Beanz Meanz Heinz, but TNT means… no cycling, at least according to former British Cycling chief Cookson

The backlash to Warner Bros. Discovery’s controversial decision to close down Eurosport in the UK and Ireland and shift its cycling coverage to the £30.99-a-month TNT Sports channel continues to rumble on, amid reports that pro teams and sponsors have raised concerns that the move could lead to a substantial drop in viewership in a key market.

Eurosport’s closure at the end of February, after over three decades of broadcasting in the UK, comes as Warner Bros. Discovery integrates all the channel’s content onto its main TNT channels, meaning cycling will now be broadcast on TNT Sports rather than Eurosport and, as it is already, available to stream on discovery+.

However, Discovery’s longstanding integration project – which was cited as the key factor behind the demise of cycling-specific streaming platform GCN+ in late 2023 – also means that cycling fans will now have to pay a £30.99-a-month premium discovery+ subscription to watch bike races on TNT, a package which includes the channel’s other sports coverage, such as Champions League and Premier League football.

2024 Tour de France peloton (ASO/Charly Lopez)

(ASO/Charly Lopez)

That £371.88-a-year package is a whopping 443 per cent more expensive than Discovery’s previous £6.99-a-month basic subscription, a price hike that has understandably been condemned by fans, who have branded it “exploitation” and a decision that will “destroy our sport”.

> How to watch cycling for less now it's moving to £30.99-a-month TNT Sports

The news that watching bike races in the UK and Ireland is about to get a whole lot more expensive has also been criticised by some riders and pro cycling stakeholders, with former UCI and British Cycling president Brian Cookson the latest to weigh in on cycling’s controversial transfer to TNT – by comparing it to buying baked beans at the shop.

As we first reported on the live blog, Cookson, who held the top position at the UCI between 2013 and 2017, took to his LinkedIn page when the news broke last week to criticise the “outrageous and incompetent mishandling of this by Eurosport/Discovery/Warner Bros.”, asking: “Are you trying to kill cycling for your British customers?”

Then, responding to road.cc’s story on the fans threatening to report Warner Bros. Discovery to the UK market regulator for “abuse of monopoly” and “price gouging”, Cookson later suggested: “So maybe this is not going to be quite so easy for WBD.”

Brian Cookson at the World Cycling Centre in Aigle (source Briancookson.org).jpg

In another post, Cookson – inspired, perhaps, by his weekly shop – said: “Here’s an alternative way to look at this. I like a particular brand of baked beans, which I can buy at a number of different supermarkets at a reasonable price. I don’t like any other beans or any other sort of canned vegetables.

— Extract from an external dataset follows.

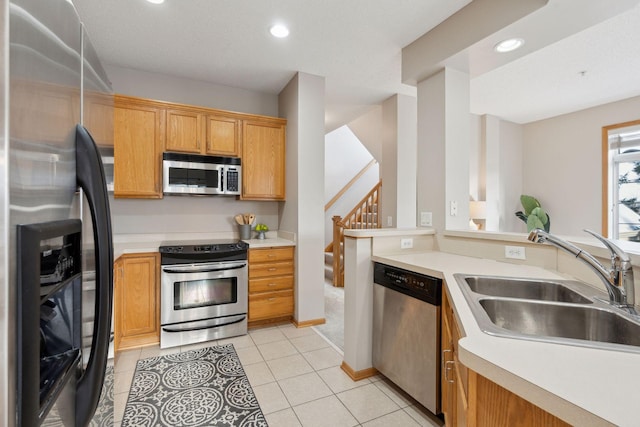 kitchen featuring sink, light tile patterned floors, and stainless steel appliances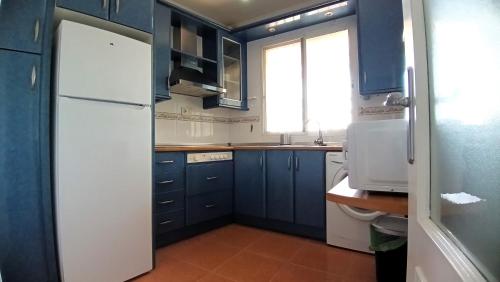 a kitchen with blue cabinets and a white refrigerator at San Fausto in Aguadulce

“Now I find that in future I am only going to be able to buy these beans from one particular supermarket, and I will have to buy several other brands of beans and canned vegetables that I don’t like and don’t ever eat.”

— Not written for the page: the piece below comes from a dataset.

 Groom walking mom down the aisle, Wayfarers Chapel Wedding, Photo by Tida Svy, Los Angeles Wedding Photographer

The former British Cycling president continued: “Can you imagine any retailer of any other product getting away with that? Can you imagine that company and people in that industry telling the people who objected that they just didn’t understand that industry?

“I think the many people who are objecting to this move by WBD to scrap Eurosport in the UK and Ireland, to package its coverage of sports like cycling in with sports we don’t wish to watch, whilst hiking up the price for this combination by a ridiculous amount, well, I think we understand it very well indeed. And we don’t like it.”

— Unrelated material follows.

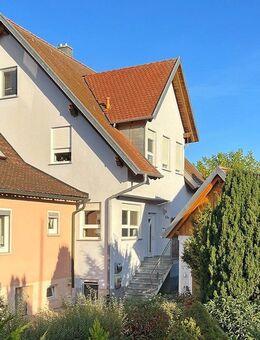 Attraktive und familienfreundliche 4-Zimmer-Wohnung in ruhiger Lage mit eigenem Garten und Garage - Rattelsdorf (Bayern)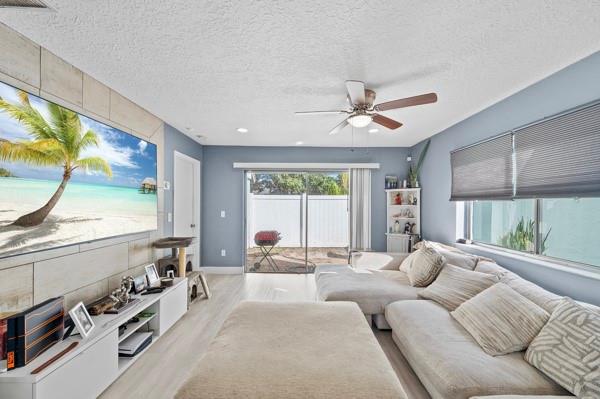 9302 Southwest 5th Street, Unit B Boca Raton, FL 33428 - Photo 6 of 26 a living room with furniture a large window with a flat screen tv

> Cycling fans report Warner Bros. Discovery to market regulator for “abuse of monopoly” and “price gouging” after moving cycling behind £30.99-a-month paywall, as Tory MP slams “terrible decision”

Cookson’s comments come after several cycling fans told road.cc that they had reported Warner Bros. Discovery to Competition and Markets Authority (CMA), arguing that cycling’s move to TNT constitutes price gouging.

According to one reader who submitted a complaint to the CMA, the principal competitive regulator in the UK, responsible for promoting competitive markets and tackling unfair behaviour by businesses, Warner Bros. Discovery’s ‘integration’ policy represents an “abuse of a monopoly position”.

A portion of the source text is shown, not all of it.